**Exercise details**
When you copy the entries, match them exactly and omit the pictures.

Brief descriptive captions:
┄┄┄┄┄┄┄┄┄┄
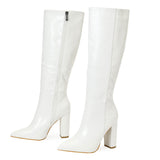 Plataz Large-Size High-Heeling Fashion Boots Stone Zips On The Side Of The Zippers Comfortable Coarse And Solid Female Boots High Quality Shoes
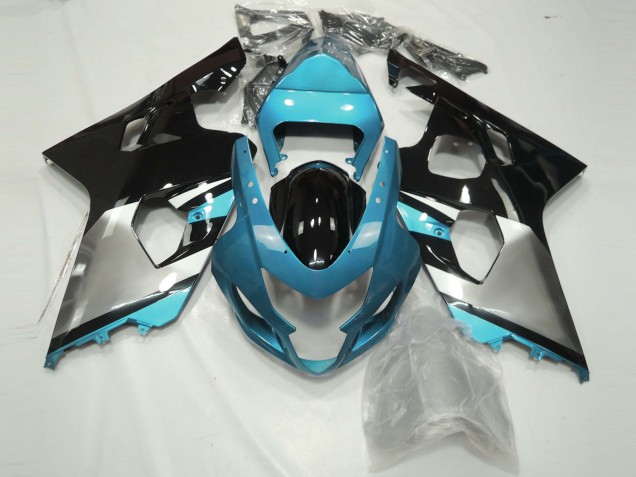 Hellblau Silber & Schwarz 2004-2005 Suzuki GSXR 600-750 Motorrad Verkleidungen Hellblau Silber & Schwarz 2004-2005 Suzuki GSXR 600-750 Motorrad Verkleidungen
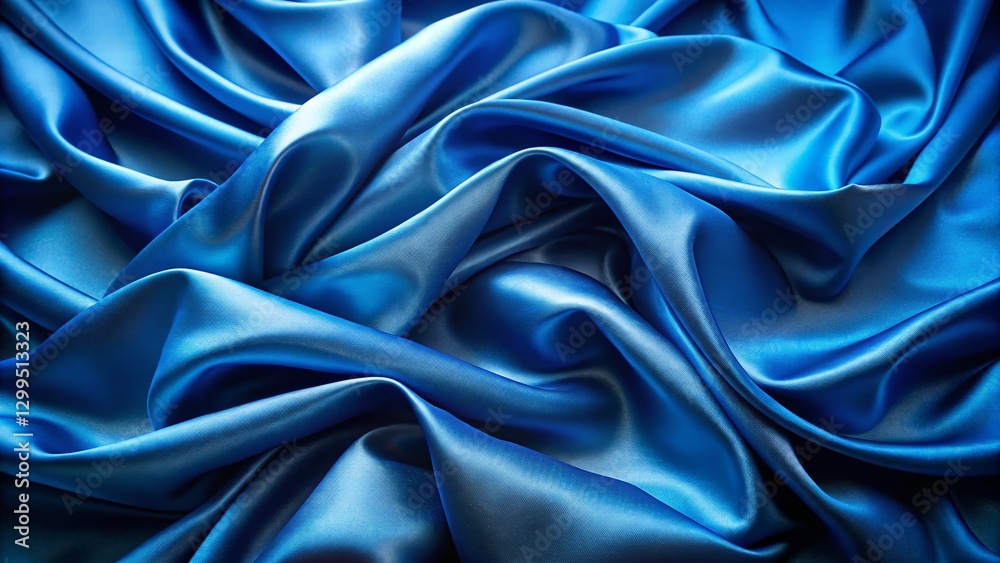 Fototapeta premium Elegant Blue Silk Fabric Texture Abstract Background - Luxury Smooth Texture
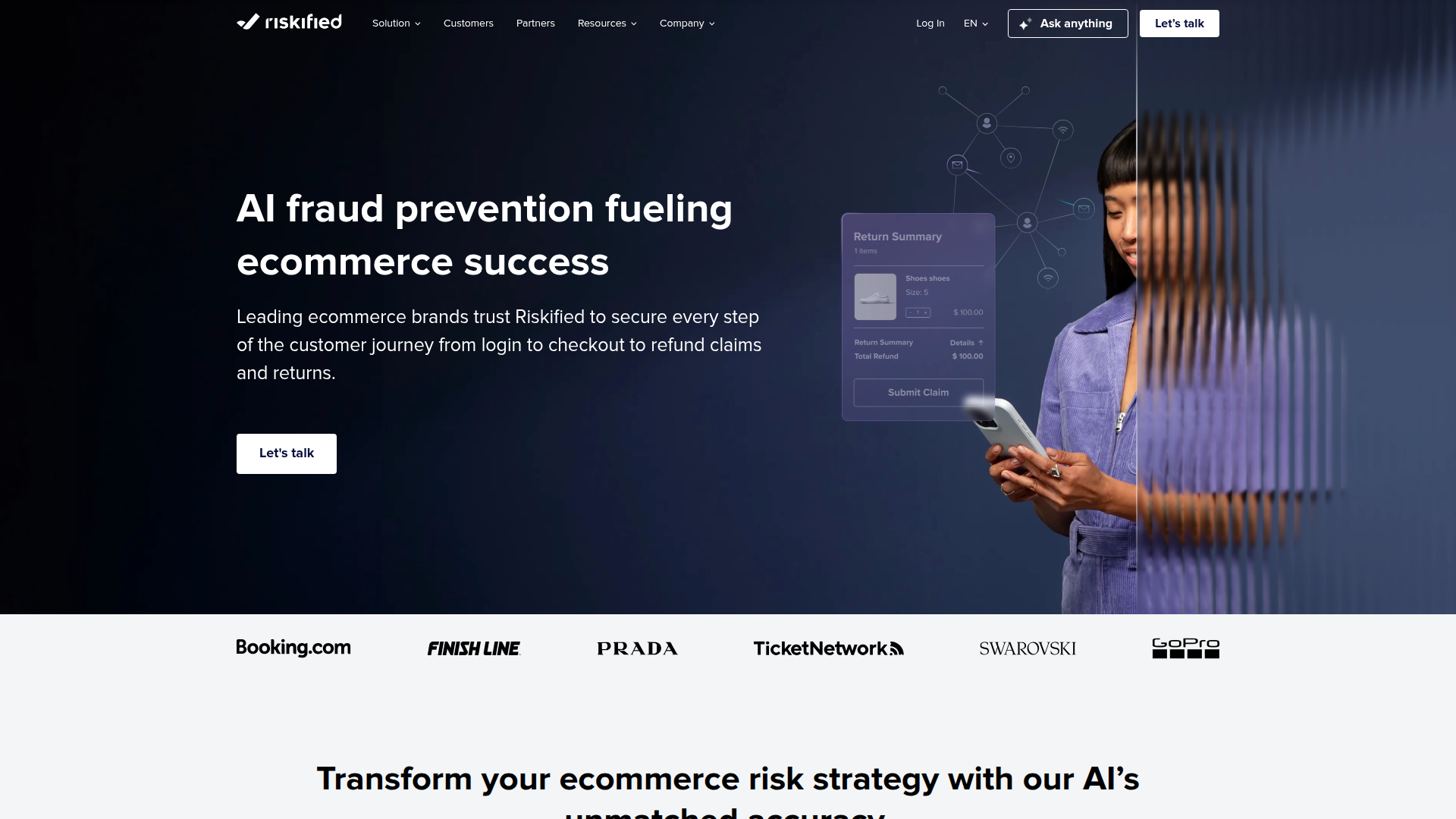Riskified homepage screenshot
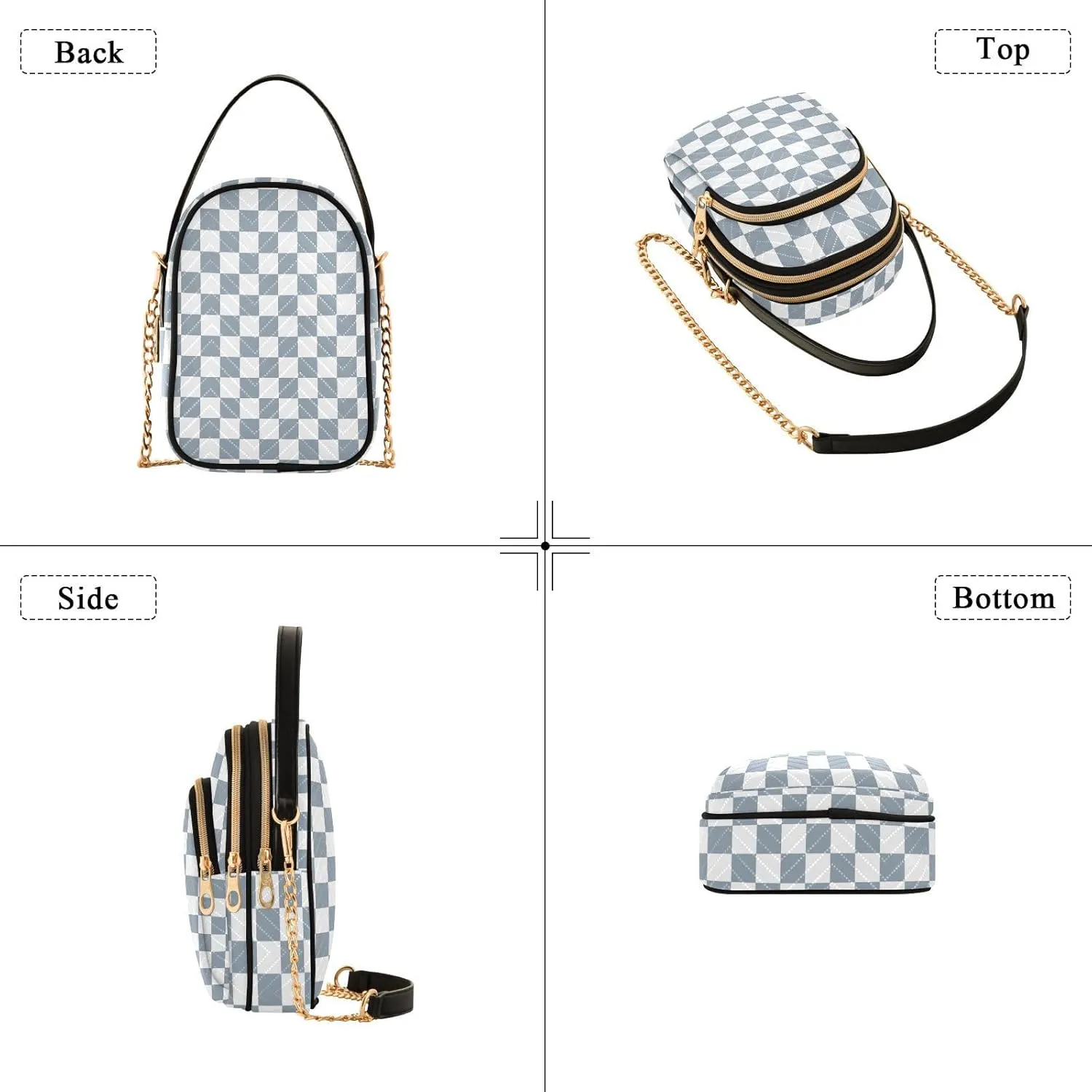 Black White Checkered Crossbody Bag for Women Shoulder Handbag Ladies Purse Cell Phone Tote Bags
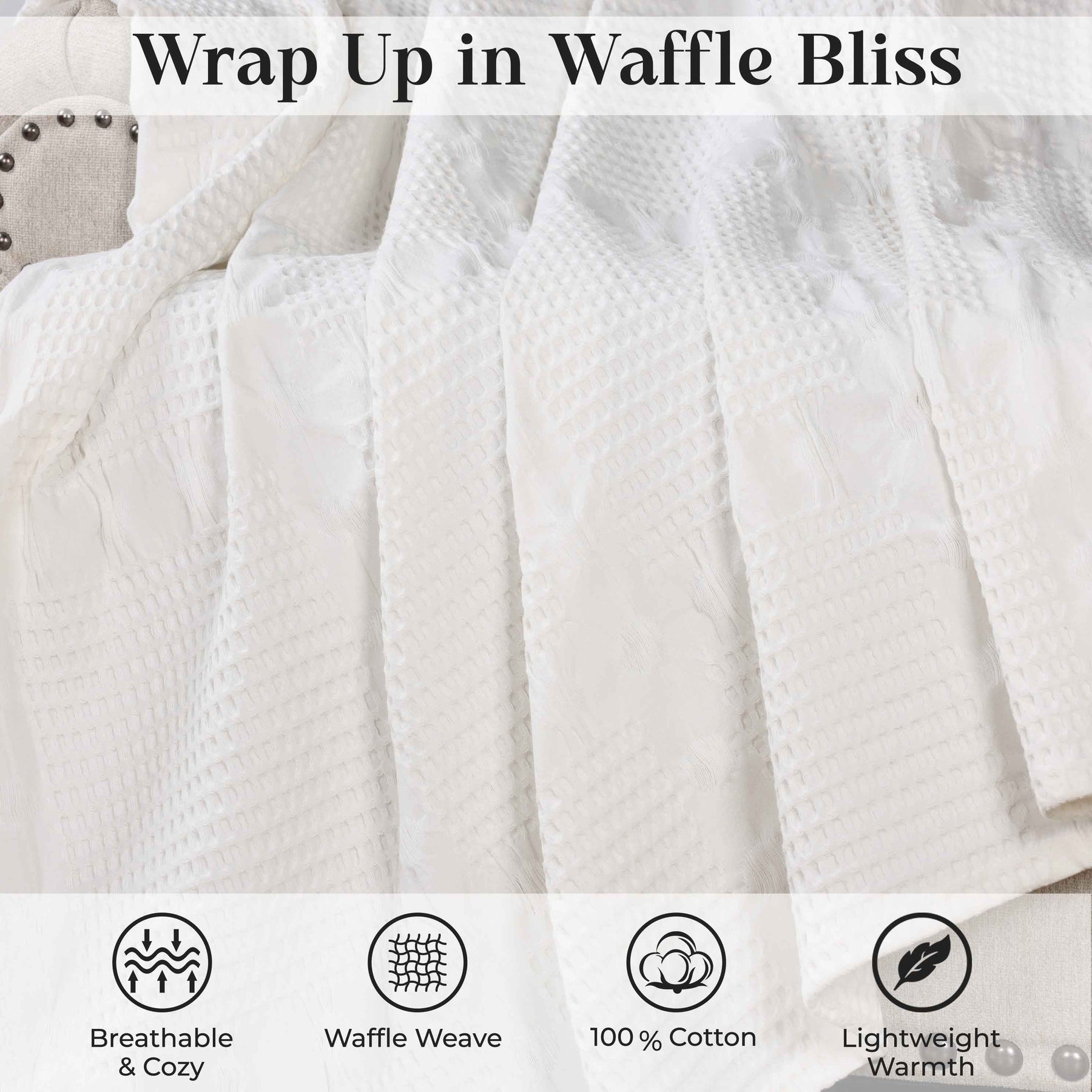 Mai Waffle Weave Honeycomb Soft Textured Cotton Blanket - Blanket by Superior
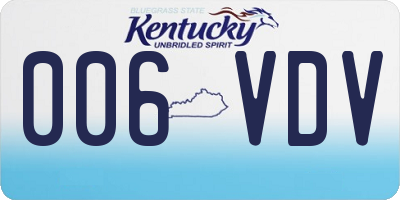 KY license plate 006VDV
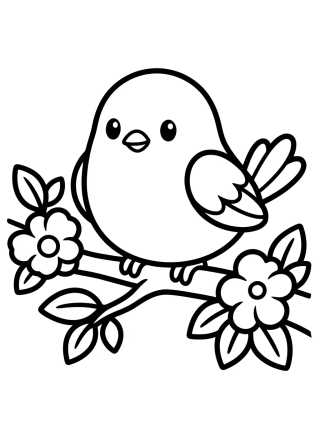 Passarinho Kawaii no Galho Florido para colorir Desenho de Passarinho Kawaii no Galho Florido para colorir e imprimir grátis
┄┄┄┄┄┄┄┄┄┄
**Problem solution**
 Plataz Large-Size High-Heeling Fashion Boots Stone Zips On The Side Of The Zippers Comfortable Coarse And Solid Female Boots High Quality Shoes
 Hellblau Silber & Schwarz 2004-2005 Suzuki GSXR 600-750 Motorrad Verkleidungen Hellblau Silber & Schwarz 2004-2005 Suzuki GSXR 600-750 Motorrad Verkleidungen
 Fototapeta premium Elegant Blue Silk Fabric Texture Abstract Background - Luxury Smooth Texture
Riskified homepage screenshot
 Black White Checkered Crossbody Bag for Women Shoulder Handbag Ladies Purse Cell Phone Tote Bags
 Mai Waffle Weave Honeycomb Soft Textured Cotton Blanket - Blanket by Superior
 KY license plate 006VDV
 Passarinho Kawaii no Galho Florido para colorir Desenho de Passarinho Kawaii no Galho Florido para colorir e imprimir grátis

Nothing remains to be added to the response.